|Delaune, Paul - UNIV OF ARKANSAS|
|Carman, Dennis - USDA-NRCS|
|Daniel, Tommy - UNIV OF ARKANSAS|
Submitted to: Journal of Environmental Quality
Publication Type: Peer Reviewed Journal
Publication Acceptance Date: April 2, 2004
Publication Date: November 1, 2004
Citation: Delaune, P.B., Moore Jr, P.A., Carman, D.K., Sharpley, A.N., Haggard, B.E., Daniel, T.C. 2004. Development of a phosphorus index for pastures fertilized with poultry litter - factors affecting phosphorus runoff. Journal of Environmental Quality. 33:2183-2191. Interpretive Summary: Phosphorus (P) concentrations in runoff water from land fertilized with animal manure is an environmental concern. Several state and federal agencies limit animal manure applications based on the amount of phosphorus (P) in the soil, or soil test P. Recent studies show that other factors are more indicative of P concentrations in runoff. This study was done to determine the most important factors affecting the amount of P in runoff water and to develop a P index for pastures to manage fertilizer applications.

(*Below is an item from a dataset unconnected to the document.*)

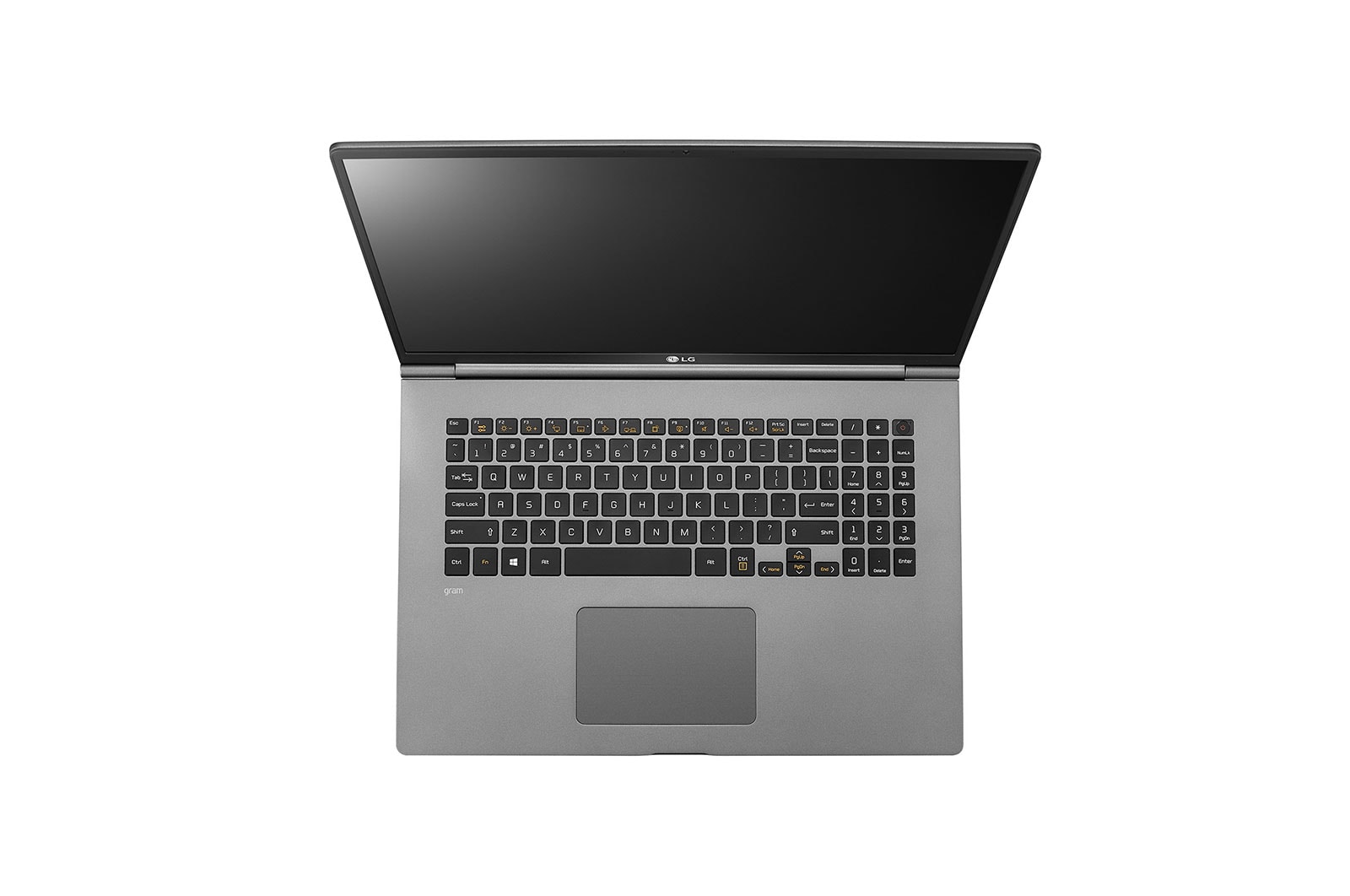 LG gram 17" Ultra-Lightweight Intel® Core™ i7-8565U, 17Z990-V.AA75A1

Several simulated runoff events were conducted to determine the effect of 1) soil test P, 2) soluble P in poultry litter, 3) P in poultry diets, 4) fertilizer type, 5) poultry litter application rate, and 6) time to the first runoff event after poultry litter application. The amount of soluble P applied was found to be the most important factor determining the amount of P in runoff water. Soil test P was important in predicting the amount of P in runoff water only when no P was applied. The P index for pastures was developed based in the results of rainfall simulation studies. The final P index value provides an estimate of the amount of P lost in runoff water. Because the P index integrates many factors affect P transport, the P index for pastures should provide a better risk assessment tool than soil test P alone.
Technical Abstract: Currently, several state and federal agencies are proposing upper limits on soil test phosphorus (P), above which animal manures can not be applied, based on the assumption that high P concentrations in runoff are due to high soil test P. Recent studies show that other factors are more indicative of P concentrations in runoff from areas where manure is being applied. The original P index was developed as an alternative P management tool incorporating factors affecting both the source and transport of P. The objective of this research was to evaluate the effects of multiple variables on P concentrations in runoff water and to construct a P index for pastures that incorporates these effects. The evaluated variables were: 1) soil test P, 2) soluble P in poultry litter, 3) P in poultry diets, 4) fertilizer type, 5) poultry litter application rate, and 6) time to the first runoff event after poultry litter application. Field studies with simulated rainfall showed P runoff was affected by the amount of soluble P applied in the fertilizer source. Prior to manure applications, soil test P was directly related to soluble P concentrations in runoff water. However, soil test P had little effect on P runoff after animal manure was applied. Unlike most other P indices, the P index for pastures provides an estimate of annual P loading in runoff at the edge-of-field. Because the P index integrates P transport potentials that are relevant for grasslands with that fraction of P most likely to move from grassland soil surfaces, the P index for pastures should provide a better risk assessment tool than soil test P alone.